Hi Tuwood...glad you've found us...i don't use leaps at all...finding these 3 or 4 month calendar's is a full plate for me. I certainly understand your hesitation on individual stock issues...event risk is a real consideration.....and think that perhaps calendar's on QQQ's make more sense than say credit spreads on QQQ's. I'm really learning how important volitility is in pricing and following it much more closely since I've been doing the calendars.

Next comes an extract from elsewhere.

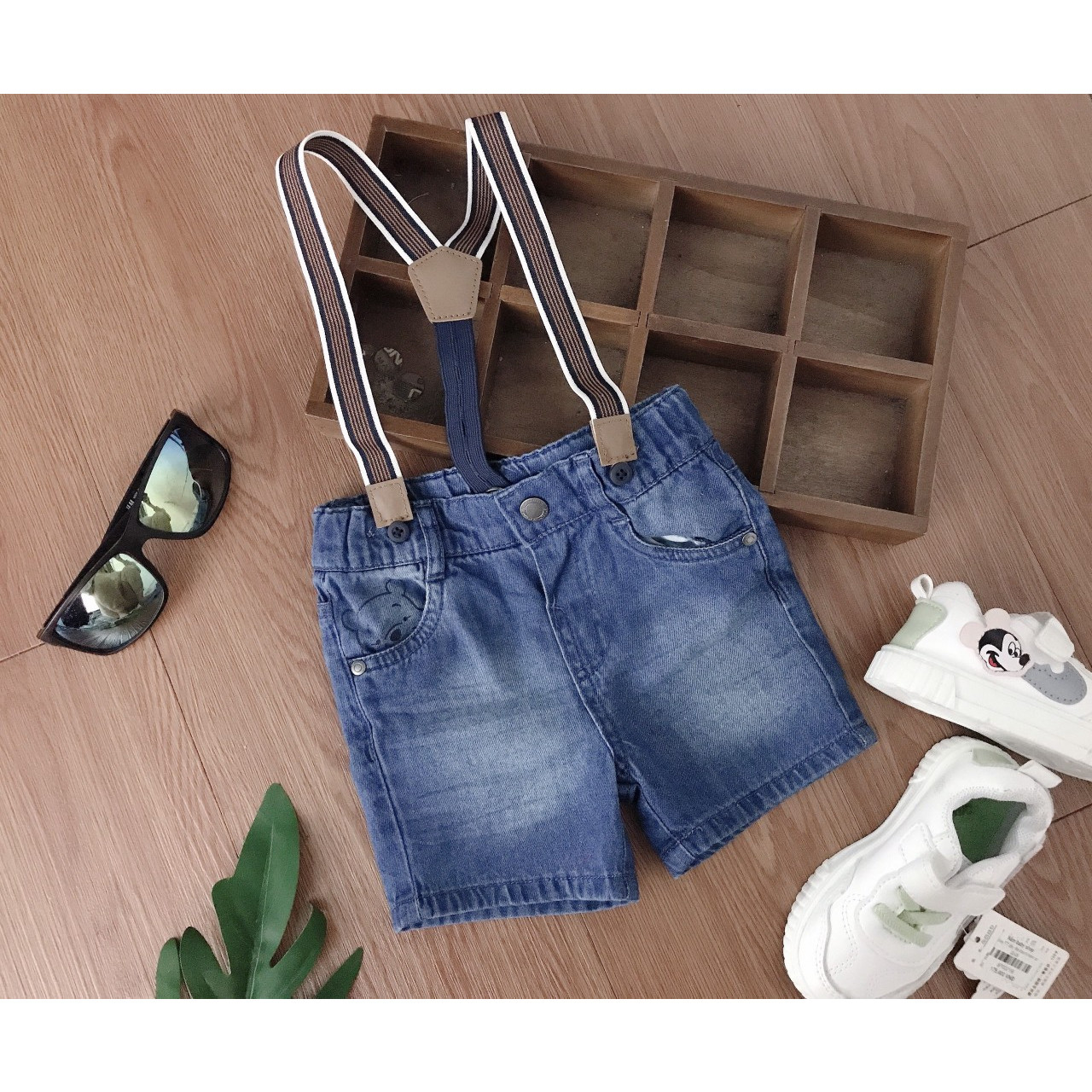 Quần jeans cộc kèm đai bé trai 3 tháng đến 4 tuổi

I'll be looking forward to seeing how you do adjust/if you adjust your current spreads. Will update mine this weekend. good trading!
 
Quote from tuwood:

[
Here's my current position, feel free to comment.
STO 6 x QQQQ MAR 41 Call
BTO 6 x QQQQ JAN 2007 41 Call


Also, I am fairly stuck on the Index's because I was burnt badly with "event" hits on equity stocks in the past.

Thanks in advance. [/B]

One question I have on a LEAP's calendar on the QQQQ ...do you take in the seasonality of the QQQQ's....at least semi's are thought to be stronger Nov- Mar and week Apr-Oct, that kind of thing? I would think the IV's would take that possibility into consideration. So would you think about doing more of a diagonal in some months selling either a more OTM call or more ITM call vs a straight calendar?